Segment Start: Stored data

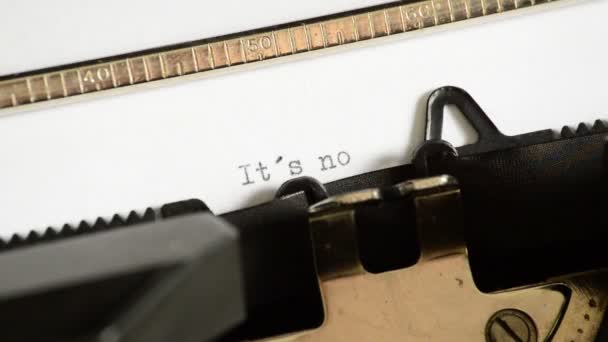 Digitar a expressão Não é um foguetão com uma velha máquina de escrever manual — Vídeo de Stock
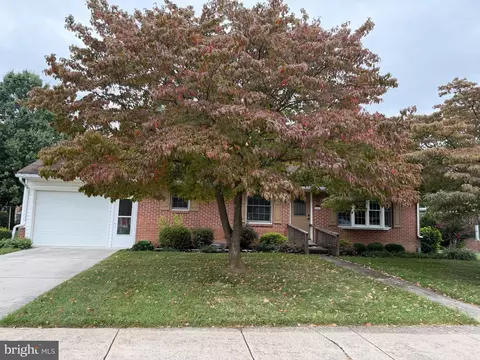 40 Maryland Ave, Littlestown, PA 17340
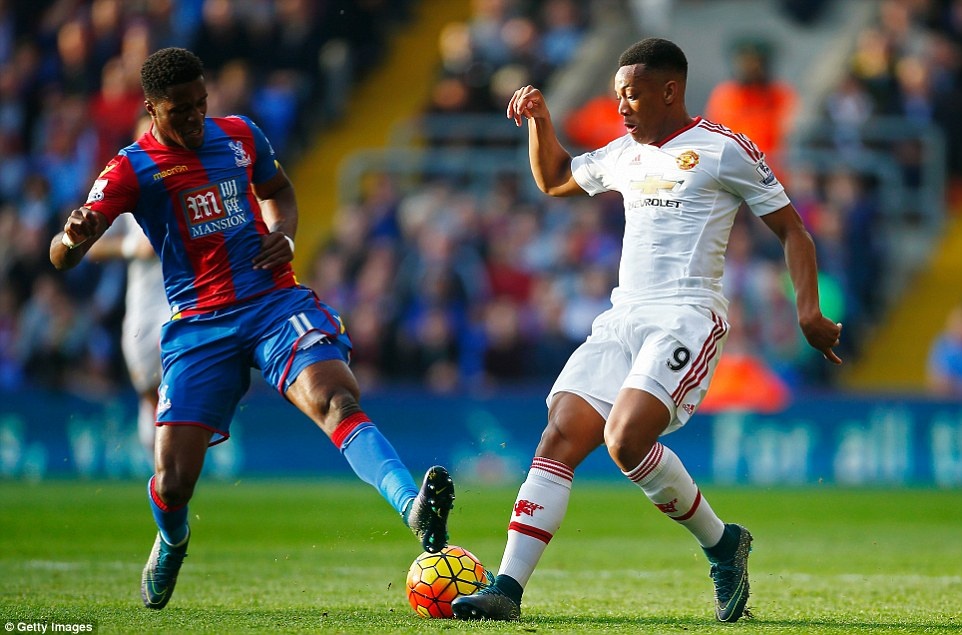 Muốn giành chiến thắng, Louis Van Gaal cần trả Martial về vị trí cao nhất trên hàng công.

Segment End: Stored data

Exercise goal: Print all the lines above again exactly, without any pictures.

Exercise result:
 Digitar a expressão Não é um foguetão com uma velha máquina de escrever manual — Vídeo de Stock
 40 Maryland Ave, Littlestown, PA 17340
 Muốn giành chiến thắng, Louis Van Gaal cần trả Martial về vị trí cao nhất trên hàng công.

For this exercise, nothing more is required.